Institutions in the southeast currently in a search mode or with a vacant presidency are UNC at Chapel Hill, University of Tennessee at Knoxville, University of Arkansas and Vanderbilt University.
Secretary Stepp advised the committee that he had received information from six search firms expressing an interest in working with the University.
Mrs. Jameson explained that in the past, rather than follow the lengthy RFP process to choose a company, through the auspices of the Foundations Office, a smaller group (subcommittee) of the search committee had asked various executive search firms whether they were interested in presenting information to the committee; companies best meeting the needs of the committee were subsequently invited to campus to give a presentation.

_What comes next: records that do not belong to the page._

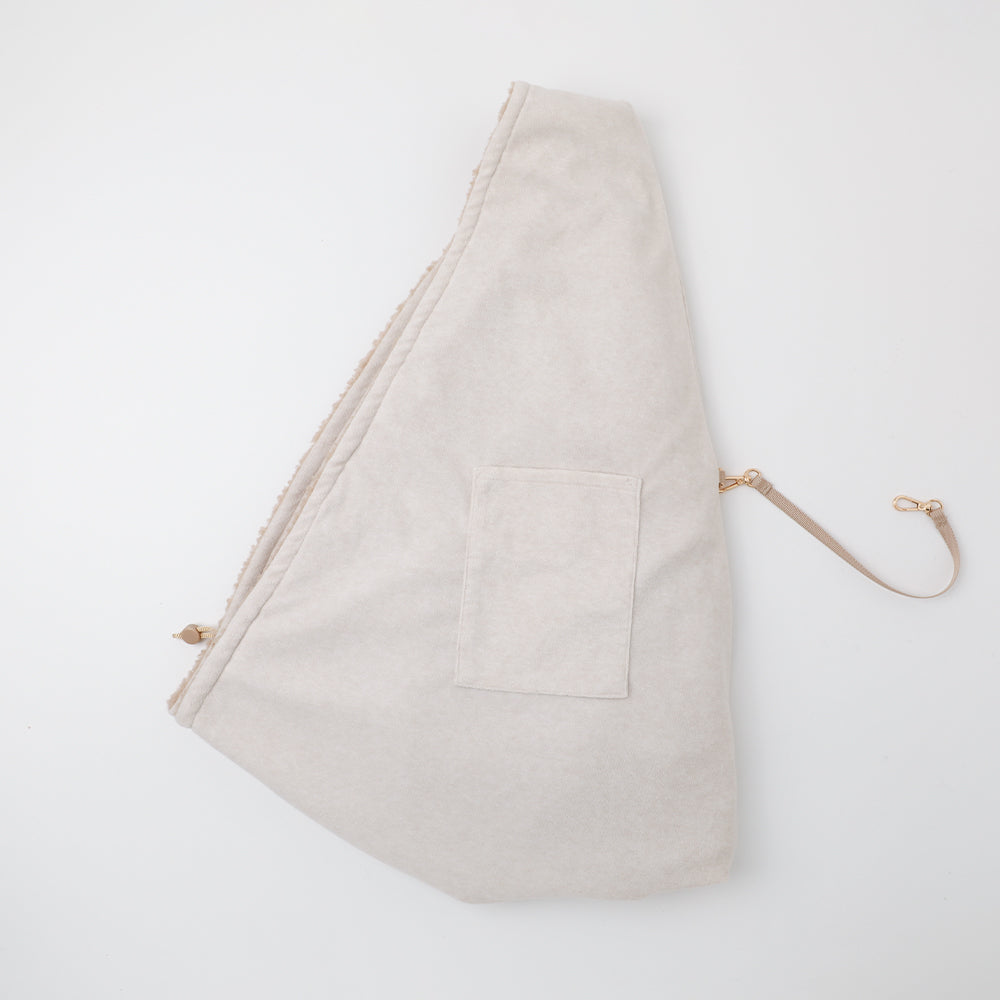 ボアフィットスリング【名入れ刺繍対応】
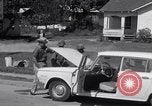 Immagine di I moti studenteschi Oxford Mississippi USA, 1962, secondo 38 filmato di repertorio 65675034264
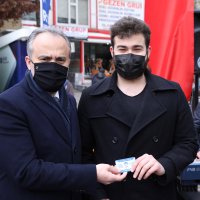 Bursa’nın sokakları notalarla renkleniyor  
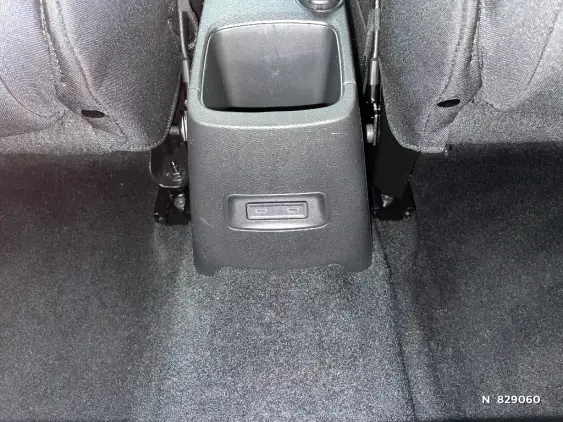 CITROEN C3 IV - voiture d'occasion - Photo 25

Chairman Loadholt suggested that a subcommittee be appointed to review the various executive firms; to recommend three firms to the committee; and to invite them to make a presentation to the committee. Mr. Smith suggested that the committee be proactive in establishing the terms. Secretary Stepp noted that during the previous two presidential searches, the individual search committee had selected specific services for a particular firm to perform and then had negotiated a price.
Secretary Stepp believed that the most valuable commodity search firms offer is the ability to communicate openly with prospective presidents. In addition, he stressed that these companies "know the market" and the names of those individuals available for new positions.
Mr. Smith moved that the committee engage a search firm based on conditions determined by the committee. Dr. Best seconded the motion. The vote was taken, and the motion carried.
In response to Chairman Loadholt's suggestion about appointing a subcommittee, Mr. Smith moved that the chair appoint a three-person subcommittee to suggest the names of search firms to this committee. Secretary Stepp recommended that the motion be amended as follows: that the subcommittee bring to this committee for its ratification terms and conditions to propose to the search firm as well as a list of three search firms for consideration. Mr. Bethea seconded the motion as amended. The vote was taken, and the motion carried.
Chairman Loadholt appointed the following three members to the subcommittee: Mr. Smith as chair; Mr. Foster; and Mr. Lister.
Addressing the importance of confidentiality, as Mr. Parham discussed earlier, Secretary Stepp emphasized that the life and career of sitting presidents are potentially within their hands if names are discussed outside the parameters of this committee; he asked that everyone be mindful of that possibility.
Regarding confidentiality in the public arena, it was decided that the policy of this committee will be that the chairman is its sole spokesperson.
Secretary Stepp summarized the next steps: 1) as soon as possible, scheduling the joint session with the trustees; 2) subcommittee review of executive firms; 3) drafting an outline of a position advertisement by Mrs. Jameson for committee consideration.
It was decided that Secretary Stepp would draft a questionnaire about presidential qualities to circulate to Board members as a preliminary instrument to facilitate and expedite a clear, understandable meeting with the Board. It was suggested that the committee might meet with the Board of Trustees on Friday, February 1, following the conclusion of the previously scheduled Board of Trustees meetings on that day.
Also discussed was a tentative target date for hiring a new president. Secretary Stepp remarked that the length of previous searches had been approximately eight months. He suggested July 31, 2008, the day Dr. Sorensen had announced he planned to retire as University president, was the target date.
Since there were no other matters to be discussed, Chairman Loadholt declared the meeting adjourned at 1:20 p.m.